**YOUR TASK**
Your task is to output the listing word for word, with pictures excluded.

======== SOURCE DATA ========

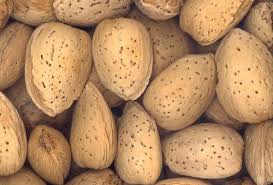 تصویر 4 از فروش عمده بادام درختی ارگانیک + مناسب تولید کنندگان روغن بادام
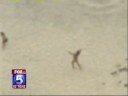 blacks beach bares nude volleyball on fox 5 news san diego, ca
http://www.blacksbeach.org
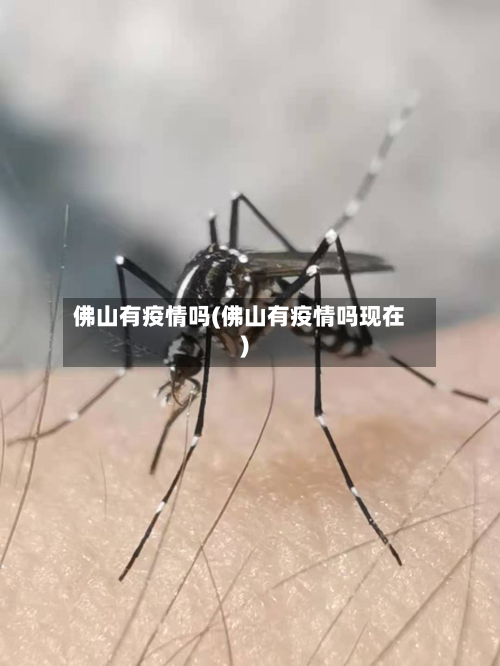 佛山有疫情吗(佛山有疫情吗现在)-第2张图片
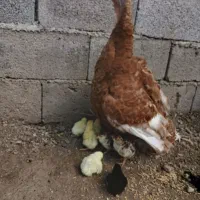 بوقلمون  نژاد بوربون با جوجه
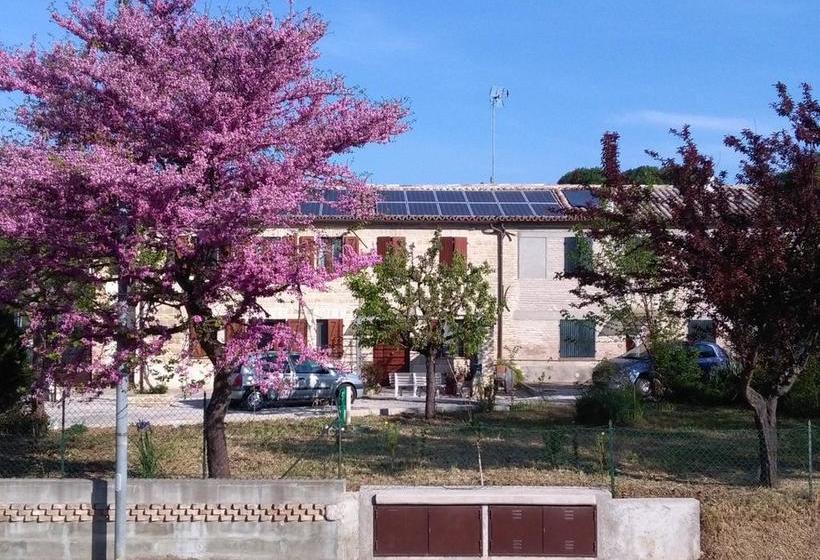 Bed and Breakfast Casa Sgaria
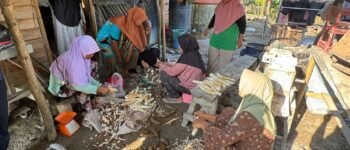 Dari Singkong Jadi Mocaf, Warga Simpang Bayat Bangun Kemandirian Ekonomi di Bulan Ramadan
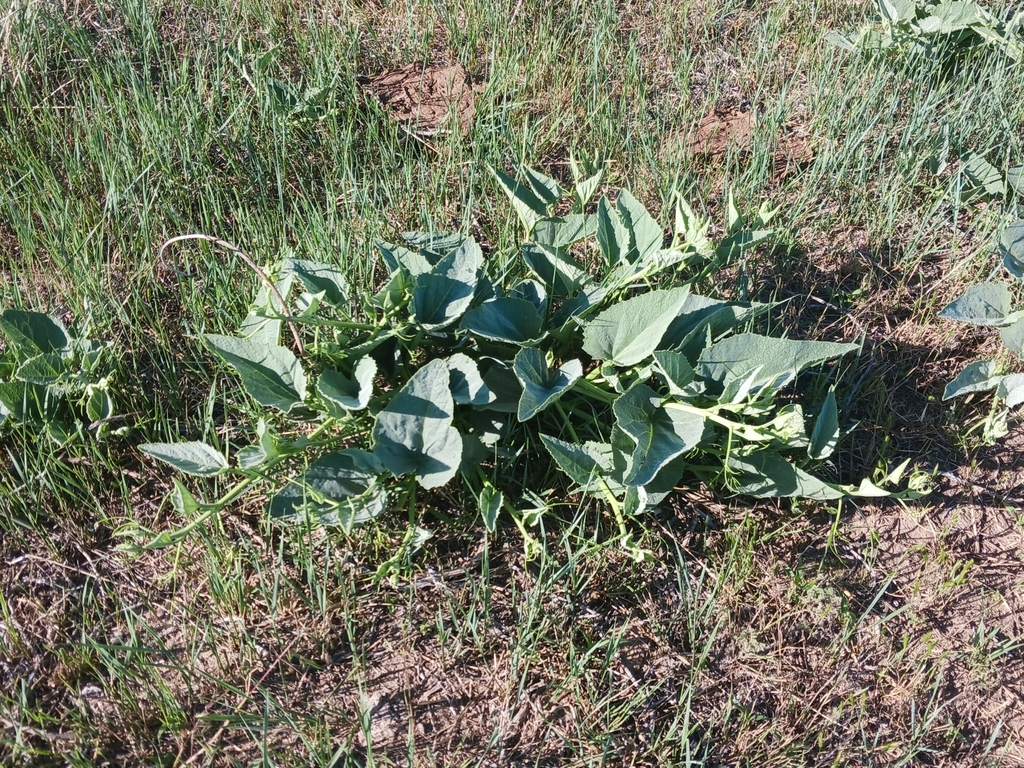 Buffalo Gourd in June 2024 by Sean Cozart · iNaturalist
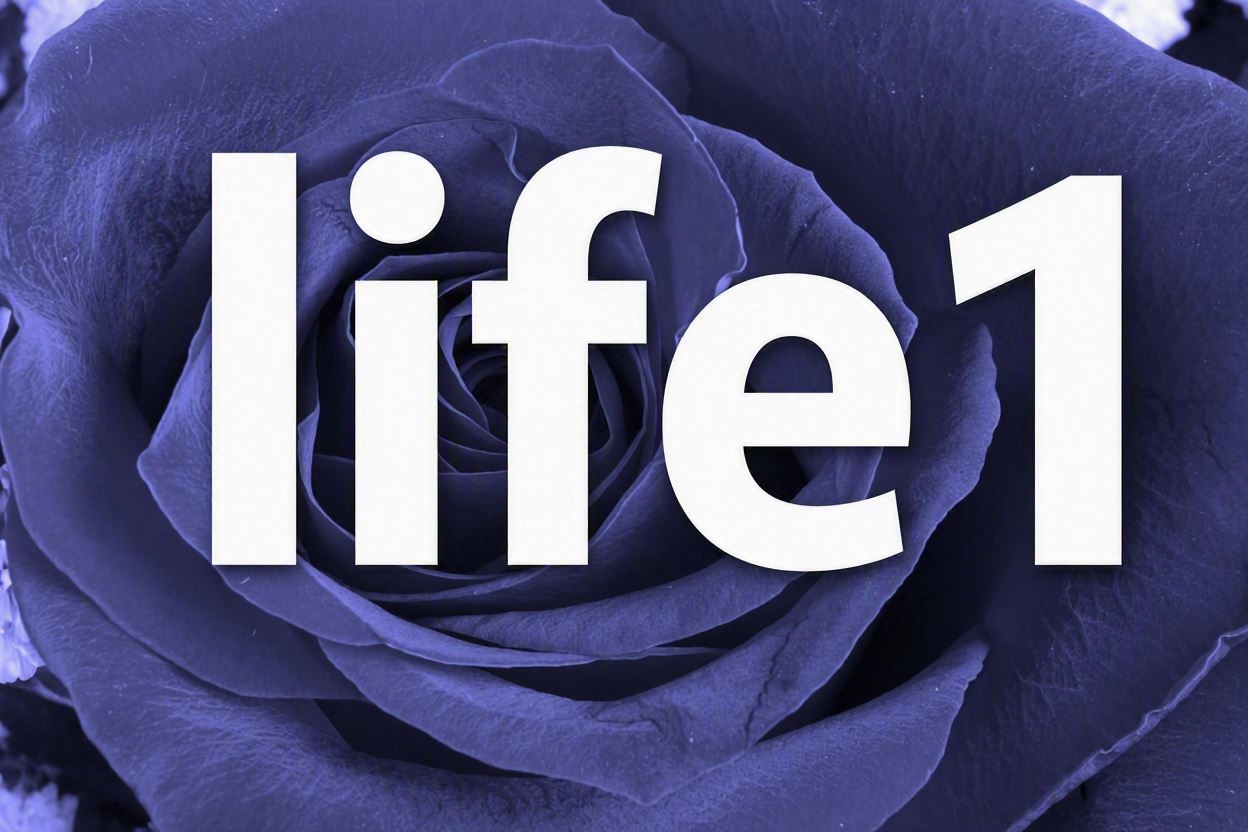 Life1 4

========

**ANSWER SPACE**
 تصویر 4 از فروش عمده بادام درختی ارگانیک + مناسب تولید کنندگان روغن بادام
 blacks beach bares nude volleyball on fox 5 news san diego, ca
http://www.blacksbeach.org
 佛山有疫情吗(佛山有疫情吗现在)-第2张图片
 بوقلمون  نژاد بوربون با جوجه
 Bed and Breakfast Casa Sgaria
 Dari Singkong Jadi Mocaf, Warga Simpang Bayat Bangun Kemandirian Ekonomi di Bulan Ramadan
 Buffalo Gourd in June 2024 by Sean Cozart · iNaturalist
 Life1 4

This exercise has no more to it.